Union activists disrupted fuel supplies, trains and nuclear plants during a day of demonstrations against a law meant to weaken the power of unions over workplace rules
LE HAVRE, France—Thousands of dock workers poured into a public square in the French port city of Le Havre on Thursday, setting off smoke bombs as part of escalating nationwide protests against a labour bill that would loosen protections for French workers.
As union activists disrupted fuel supplies, trains and nuclear plants during a day of demonstrations around the country, French Prime Minister Manuel Valls opened the door to possible changes but said the government would not abandon the bill, which would make the country’s 35-hour work week more flexible, among other provisions.
The draft law, aimed at boosting hiring after a decade of nearly 10 per cent unemployment and slow but corrosive economic decline, has escalated into the toughest challenge yet to President Francois Hollande and his Socialist government.
“There could be improvements and modifications” in the bill, Valls said on BFM television Thursday. He didn’t elaborate on what might be changed, and insisted that the “heart” of the bill—a measure weakening the power of unions over workplace rules _ should remain.
Withdrawing the bill “is not possible,” he said.
Union activists and ordinary workers reacted with derision.
Members of the CGT union, leading the protests, said it’s too late to compromise. Many remain angry that the government forced the bill through the lower house of parliament without a vote because of division in the Socialist majority.
“Valls is hardening his tone? Well were hardening our tone too!” an organizer shouted into a loudspeaker at the Normandy Bridge, where some 200 to 300 trade unionists and other protesters gathered to block traffic in one of many disruptions to roads around the country Thursday.
After vacating the bridge, which typically carries about 12 million vehicles a year, union activists spread the disruption to Le Havre, driving slowly through town or briefly blocking roads on foot as cars around them honked repeatedly.
Then the dock workers stormed the main square in front of City Hall, setting off multicolour smoke bombs and throwing some in fountains, kicking up plumes of water. The sounds of sirens and the smoke bomb explosions reverberated around the area.
Fabien Gloaguen, an activist with the militant Worker’s Force movement, said the government would have to back down. “He’s going to withdraw it,” Gloaguen said.
Valls insisted the bill is “good for workers” and small businesses, and argued that many of its critics are ill-informed of its contents.
In addition to loosening rules about the 35-hour work week, the bill makes it easier to fire workers in times of economic downturn, and weakens the power of unions to set working conditions across an entire sector.
Two months of protests escalated over the past week as unions targeted the sensitive oil industry, blocking fuel depots and refineries.

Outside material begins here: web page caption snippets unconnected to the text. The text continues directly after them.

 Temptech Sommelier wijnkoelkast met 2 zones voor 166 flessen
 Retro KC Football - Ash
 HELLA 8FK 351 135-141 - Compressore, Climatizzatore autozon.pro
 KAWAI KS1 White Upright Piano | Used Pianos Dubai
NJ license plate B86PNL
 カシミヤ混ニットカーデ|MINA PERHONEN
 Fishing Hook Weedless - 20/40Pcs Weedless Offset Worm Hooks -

The government has started using its strategic fuel reserves and forcing depots to reopen, but supplies remained spotty, with long lines and caps on purchases.

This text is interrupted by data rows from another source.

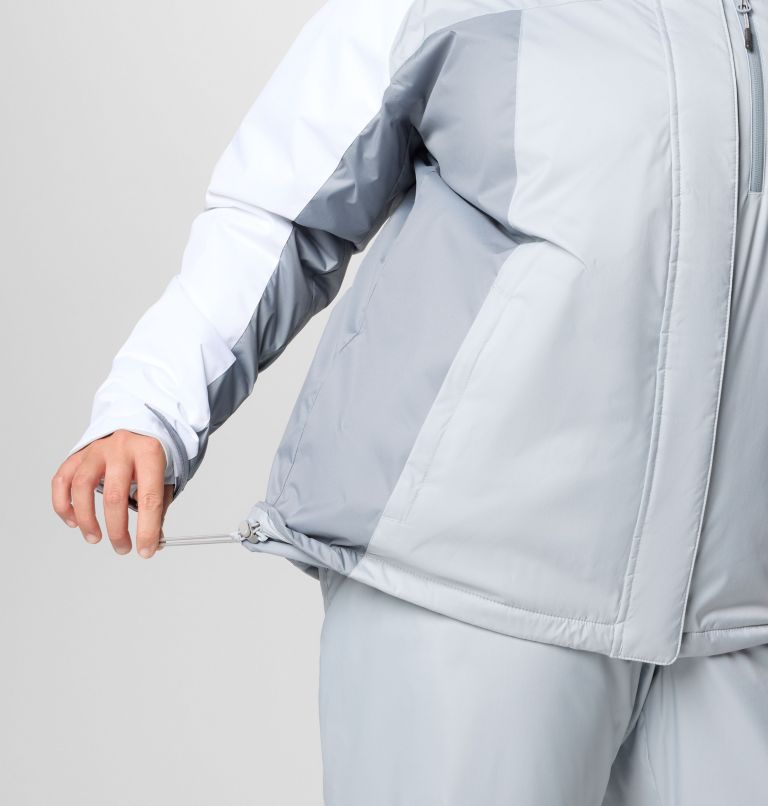 Women's Snowy Summit Insulated Jacket - Plus Size, Color: Cirrus Grey, Tradewinds Grey, White Dbby, image 8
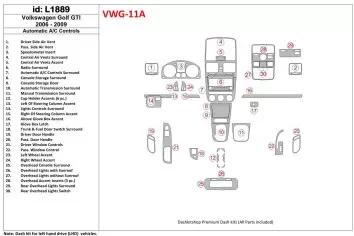 Volkswagen Golf V GTI 2006-UP Automatic Gearbox A/C Control BD innenausstattung armaturendekor cockpit dekor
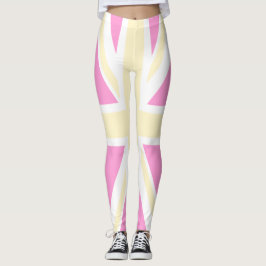 Gelbe u. rosa Königreich-Flagge/Gewerkschafts-Jack Leggings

Drivers endured long waits to reach gas pumps, railing at the strikes, the government and the overall funk in France.
Gas station manager Bernard Ballaux has limited customers to 50 euros ($56) worth of diesel after a week of panic buying. Customers “fear that they won’t have gas anymore so they are irritated, tense.”
Prices have risen noticeably at gas pumps.
But at the blocked Normandy Bridge, at least one pair of travellers said they didn’t mind.
“It’s for us that they’re doing this,” said Jean-Luc Geraert, whose battered white van was caught behind the makeshift barricade. Geraert, a 55-year-old industrial painter, said if the government doesn’t back down soon, “it’s going to get worse.”